Song by the Who

from the album Quadrophenia
- Released: 19 October 1973
- Recorded: 1 June 1973
- Studio: Olympic and "The Kitchen" in Battersea, London
- Genre: Rock
- Length: 4:55
- Label: MCA
- Songwriter: Pete Townshend
- Producers: The Who; Kit Lambert; Glyn Johns;

= Bell Boy (song) =

"Bell Boy" is a song recorded by the English rock band the Who for their sixth studio album Quadrophenia (1973) and the 1979 film of the same name. It was never released as a single.

==Music and lyrics==
Besides the main lead vocals by lead singer Roger Daltrey, the song features vocals by drummer Keith Moon (most of whose relatively few vocals for the band dated from the '60s). Moon mostly talks (or sings) his lines in a cartoonish voice with an exaggerated cockney accent; however, the bridge and the last line are sung in his natural voice.

Lyrically, this is the final straw for Jimmy, having just found out that the Ace Face he had looked up to as a Mod was now working as a bell boy at the same Brighton hotel that the Mods had previously smashed up ("I don't suppose you would remember me/But I used to follow you back in '63") instead of ruling over everyone.
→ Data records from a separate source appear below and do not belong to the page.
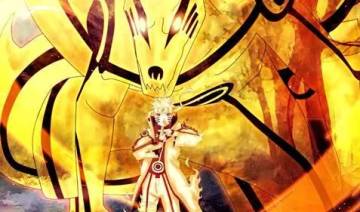 Wallpaper Uzumaki Naruto Terbaru Page 9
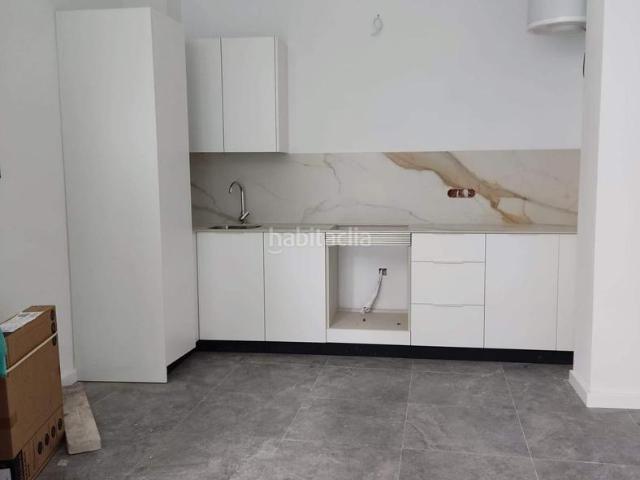 Estudio en venta en el Salvador, el Baix Vinalopó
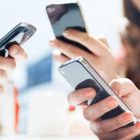Παρέμβαση από τον Συνήγορο του Καταναλωτή για τις χρεώσεις από 5ψηφια νούμερα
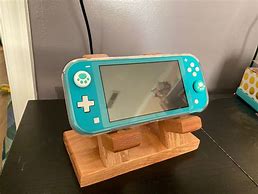 Image result for Nintendo TV Stand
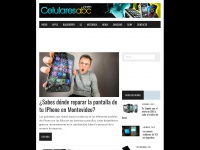 Celularesabc.com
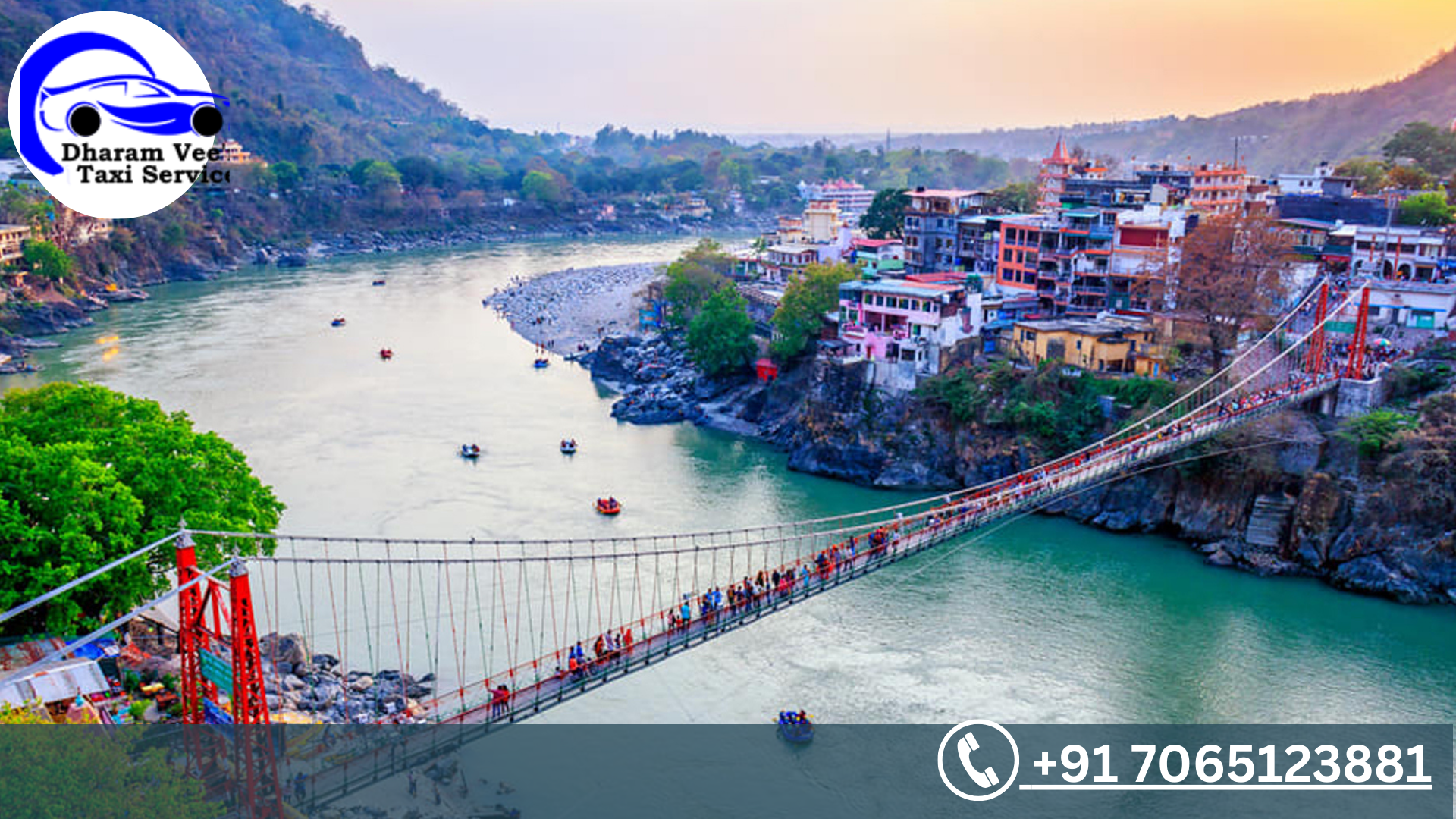 rishikesh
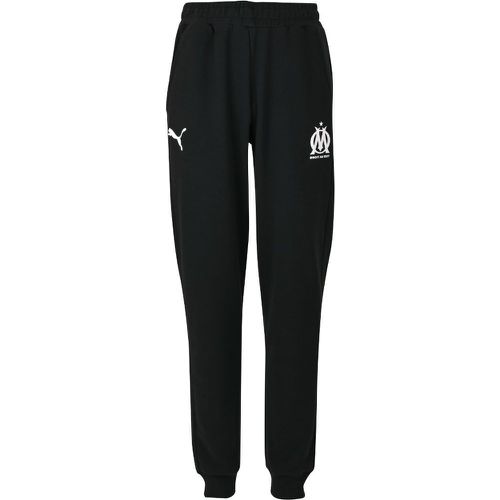 Pantaloni da tuta per bambini OM 2023/24 - Puma - Modalova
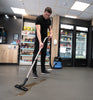 WBV370NX Pro Cordless Wet Vacuum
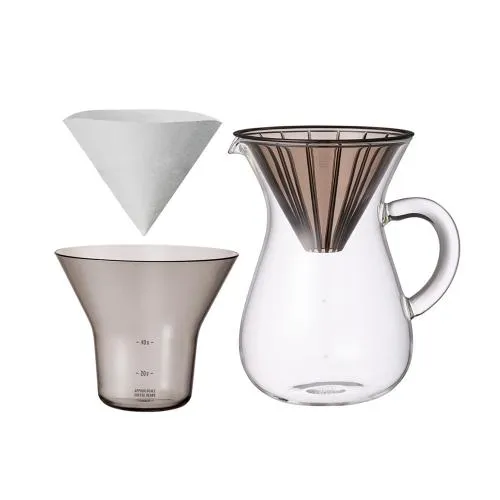 【WUZ屋子】日本KINTO SCS木製防滑托盤 歷史價格詳細信息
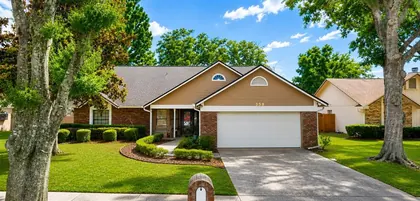 WINTER SPRINGS FL Home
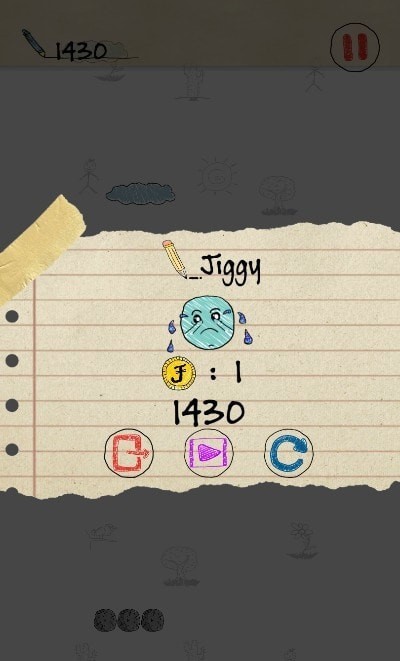 Jiggyjump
The previous lines ("Ain't you the guy who used to set the paces/Riding up in front of a hundred faces") refer to the "Hundred Faces", a fan club set up by the Who's managers Kit Lambert and Chris Stamp to promote the group in their early days.
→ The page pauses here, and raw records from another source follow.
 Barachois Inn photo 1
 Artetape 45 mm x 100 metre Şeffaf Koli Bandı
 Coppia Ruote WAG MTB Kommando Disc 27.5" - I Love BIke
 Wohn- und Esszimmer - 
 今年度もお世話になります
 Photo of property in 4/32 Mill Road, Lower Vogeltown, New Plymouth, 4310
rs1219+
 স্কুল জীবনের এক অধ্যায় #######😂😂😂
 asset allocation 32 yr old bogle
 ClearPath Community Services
In the short story written by Townshend in the album's libretto/liner notes, it is explained that Jimmy never thought he'd be let down by being a Mod (given everything else had let him down). Pete Townshend said of the song's meaning:

He meets an old Ace Face who's now a bellhop at the very hotel the Mods tore up. And he looks on Jimmy with a mixture of pity and contempt, really, and tells him, in effect, 'Look, my job is shit and my life is a tragedy. But you – look at you, you're dead!'
— Pete Townshend

==Live history==
The band performed this in The Who Tour 1973 and 1974 as part of their Quadrophenia set. This quickly became a fan favourite because of Moon's comedic vocals, and fans persisted on requesting it even after it was dropped in 1975 until Moon's death. The song was revived for the 1996–1997 Quadrophenia world tour, but with the Ace-Face guest replacing Moon's role. The song was performed once more at the Royal Albert Hall in London on 30 March 2010 at a benefit concert for the Teenage Cancer Trust. Tom Meighan of Kasabian sang Moon's part during the show. At Quadrophenia and More shows and 12-12-12: The Concert for Sandy Relief, it was performed with archival video footage of Keith Moon in Charlton.

==Personnel==
- Roger Daltrey - lead vocals, backing vocals
- Pete Townshend - lead guitar, backing vocals, synthesizer, piano
- John Entwistle - bass guitar, backing vocals, French horn
- Keith Moon - co-lead vocals, drums

==In other media==
Martin Scorsese reprised the song for the soundtrack of his 1999 film Bringing Out The Dead.